Welsh nobleman (born 1158)

Ifor Bach (meaning Ivor the Short) (fl. 1158) also known as Ifor ap Meurig and in anglicised form Ivor Bach, Lord of Senghenydd, was a twelfth-century resident in and a leader of the Welsh in south Wales.

== Welsh Lord of Senghenydd ==
At this period the Normans had conquered England, but large areas of Wales were still under the control of the native Welsh Princes and Lords. Whilst parts of the old Welsh Kingdom of Morgannwg (which was to become Glamorgan) had fallen to the Normans, Ifor ap Meurig held land in Senghenydd, a region of Morgannwg which had not yet fallen completely. Broadly Senghennydd was the upland area bounded by Brecknock to the north, between the River Taff and the Rhymney River and abutting Cefn Onn in the south.
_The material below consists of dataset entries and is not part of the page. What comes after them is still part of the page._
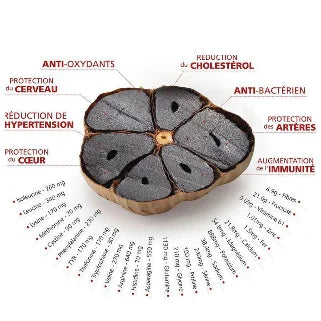 Ail noir coupé en deux montrant ses bienfaits santé avec annotations en français.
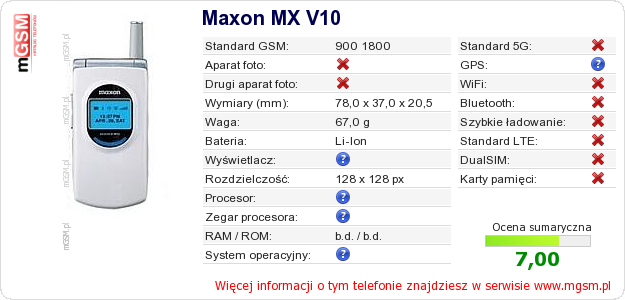 Dane telefonu Maxon MX V10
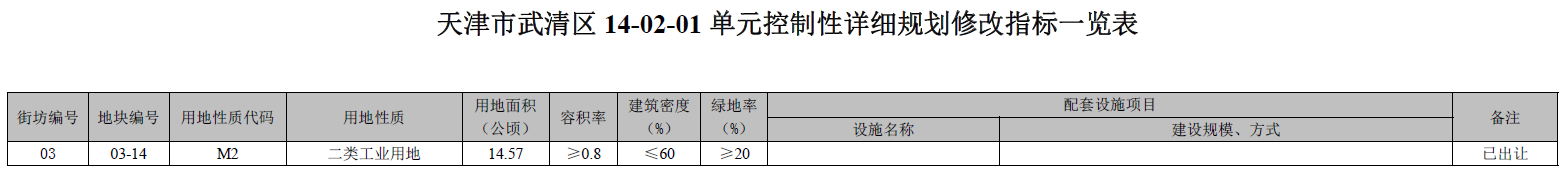 天津市武清区14-02-01 单元控制性详细规划修改指标一览表(图1)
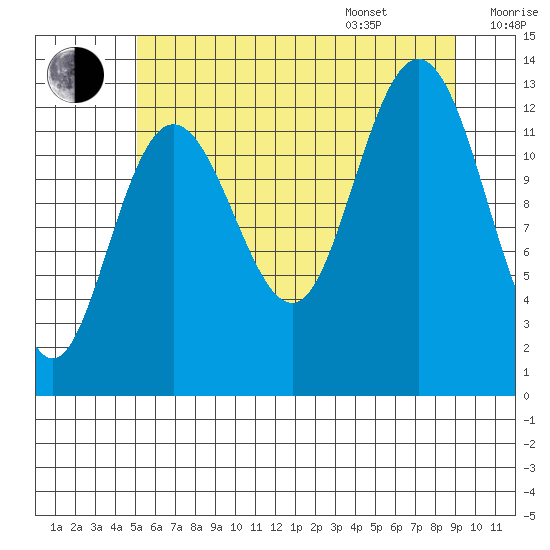 Freshwater Bay tide chart for Tuesday, August 8, 2023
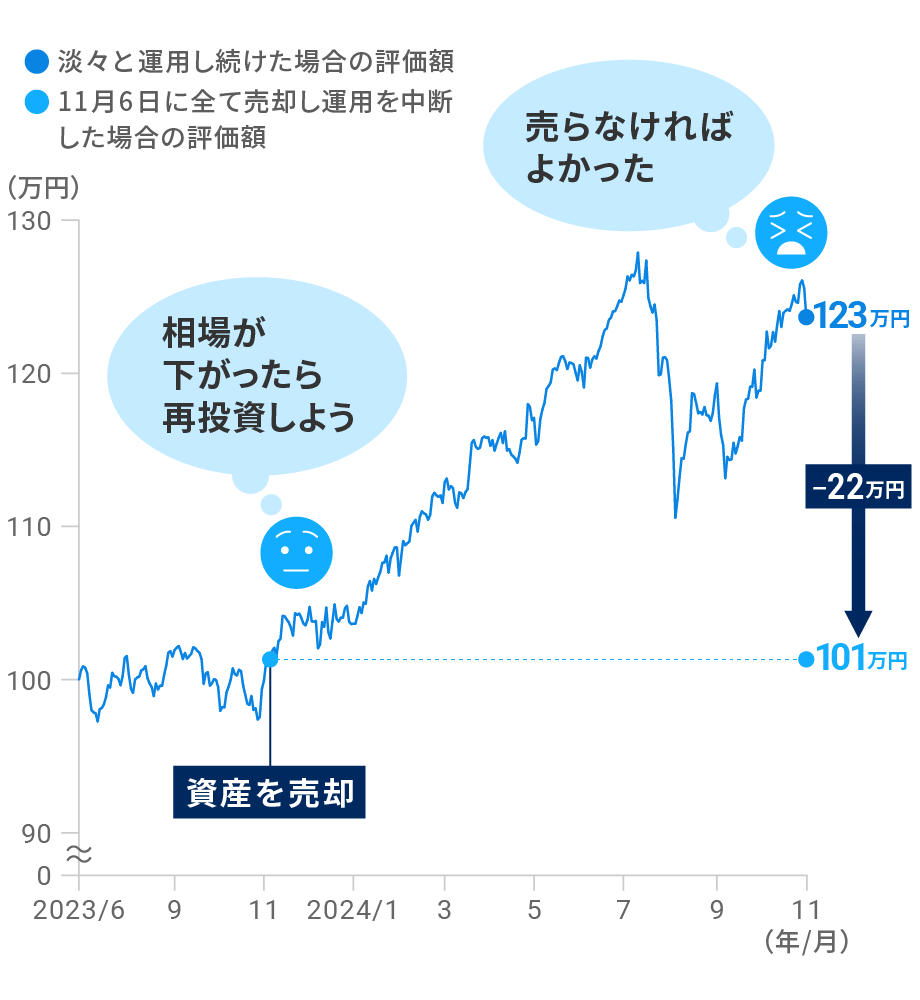 相場が下がったら再投資しようと思っても、予想に反して相場の上昇が続くこともある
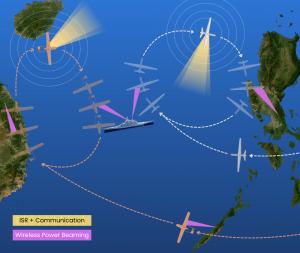 Diagram showing UAS Concept Of Operation for ISR and Communications using Power Beaming to extend operating capability, being charged from a ship and various land locations.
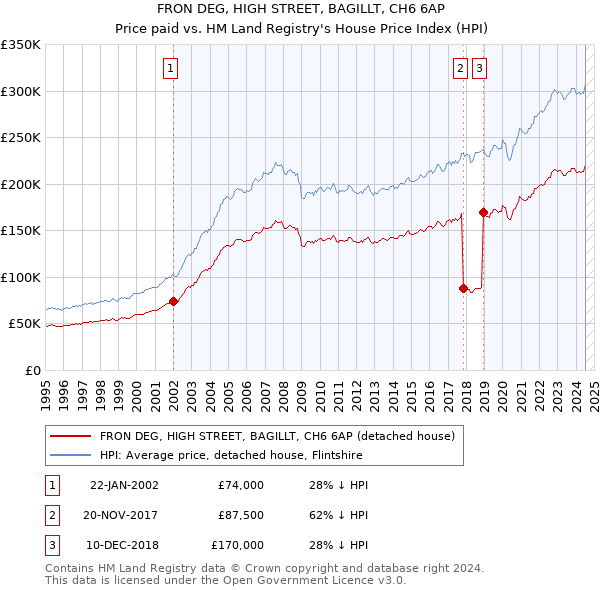 FRON DEG, HIGH STREET, BAGILLT, CH6 6AP: Price paid vs HM Land Registry's House Price Index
The Norman Lord of the region was William Fitz Robert, 2nd Earl of Gloucester.

In 1158 he attacked and killed Morgan ab Owain, Welsh Lord of Caerleon and Gwynllwg (anglicised as Wentloog).

== Kidnapped the Earl of Gloucester ==
According to Giraldus Cambrensis in the Itinerarium Cambriae, in 1158 Ifor Bach was a tenant of William Fitz Robert, 2nd Earl of Gloucester, who held Cardiff Castle. Gloucester was trying to take land which under Welsh law belonged to Ifor.

Ifor scaled the walls of Cardiff Castle using his bare hands, seized the Earl, his Countess Hawise, a daughter of the Earl of Leicester, and their young son Robert, and kidnapped all of them to the woods of Senghenydd. He refused to release them until he had recovered the land he had lost "and a lot more".

== Descendants ==
Ifor ap Meurig was son of Meurig Fychan Cydifor (Father) and Gwyladys Verch Ithel (Mother).

He married Nest, sister of Rhys ap Gruffudd (also known as The Lord Rhys).

Descendants of Ifor ap Meurig continued to hold sway in the area and to harry the Normans for at least another century. He was succeeded by his son Gruffudd before 1170. Gruffudd ap Ifor married Mabel FitzRobert, a natural daughter of Robert, Earl of Gloucester, and half sister of the kidnapped earl. Ifor's descendants included his grandson Morgan Gam and his great-grandson Llywelyn Bren and, through Gruffudd and Mabel, Franklin Pierce. The Lewis of the (Van) family are known direct descendants of Ifor Bach.

Ifor ap Meurig is reputed to have built a medieval castle on the site now occupied by Castell Coch.

== Modern times ==
Clwb Ifor Bach, a nightclub in Cardiff's castle quarter is named after him, as is Ysgol Ifor Bach, a Welsh medium primary school in Senghennydd, Caerphilly.